Web page caption snippets:
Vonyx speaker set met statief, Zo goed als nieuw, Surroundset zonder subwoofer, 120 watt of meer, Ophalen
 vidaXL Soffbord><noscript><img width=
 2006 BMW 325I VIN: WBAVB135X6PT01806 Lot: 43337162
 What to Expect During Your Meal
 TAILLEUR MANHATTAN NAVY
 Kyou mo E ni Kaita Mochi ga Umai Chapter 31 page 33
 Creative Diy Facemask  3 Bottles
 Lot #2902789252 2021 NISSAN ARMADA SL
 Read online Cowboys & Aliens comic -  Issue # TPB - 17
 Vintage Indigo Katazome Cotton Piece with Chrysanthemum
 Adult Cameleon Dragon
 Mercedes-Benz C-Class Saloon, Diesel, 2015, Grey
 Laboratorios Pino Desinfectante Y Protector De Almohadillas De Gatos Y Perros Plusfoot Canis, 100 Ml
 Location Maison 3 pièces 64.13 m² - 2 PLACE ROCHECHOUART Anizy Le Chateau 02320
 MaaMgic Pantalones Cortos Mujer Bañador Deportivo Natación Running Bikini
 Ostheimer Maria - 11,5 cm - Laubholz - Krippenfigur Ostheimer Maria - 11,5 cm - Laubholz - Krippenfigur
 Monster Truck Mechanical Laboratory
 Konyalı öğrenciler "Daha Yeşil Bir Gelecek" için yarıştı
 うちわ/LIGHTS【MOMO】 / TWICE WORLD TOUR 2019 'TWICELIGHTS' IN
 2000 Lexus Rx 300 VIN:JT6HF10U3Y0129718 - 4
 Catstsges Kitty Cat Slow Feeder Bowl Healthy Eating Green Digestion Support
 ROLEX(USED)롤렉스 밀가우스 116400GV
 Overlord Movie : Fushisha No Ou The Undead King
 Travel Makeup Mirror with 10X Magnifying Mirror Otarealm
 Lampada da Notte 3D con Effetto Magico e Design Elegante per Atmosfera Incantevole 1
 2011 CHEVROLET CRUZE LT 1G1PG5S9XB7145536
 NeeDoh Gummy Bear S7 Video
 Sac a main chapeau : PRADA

- TASK OBJECTIVE -
Your answer should consist solely of the lines above from the line with "2006 BMW 325I" to the line with "Vintage Indigo Katazome", both included, reproduced exactly.

- RESULT -
 2006 BMW 325I VIN: WBAVB135X6PT01806 Lot: 43337162
 What to Expect During Your Meal
 TAILLEUR MANHATTAN NAVY
 Kyou mo E ni Kaita Mochi ga Umai Chapter 31 page 33
 Creative Diy Facemask  3 Bottles
 Lot #2902789252 2021 NISSAN ARMADA SL
 Read online Cowboys & Aliens comic -  Issue # TPB - 17
 Vintage Indigo Katazome Cotton Piece with Chrysanthemum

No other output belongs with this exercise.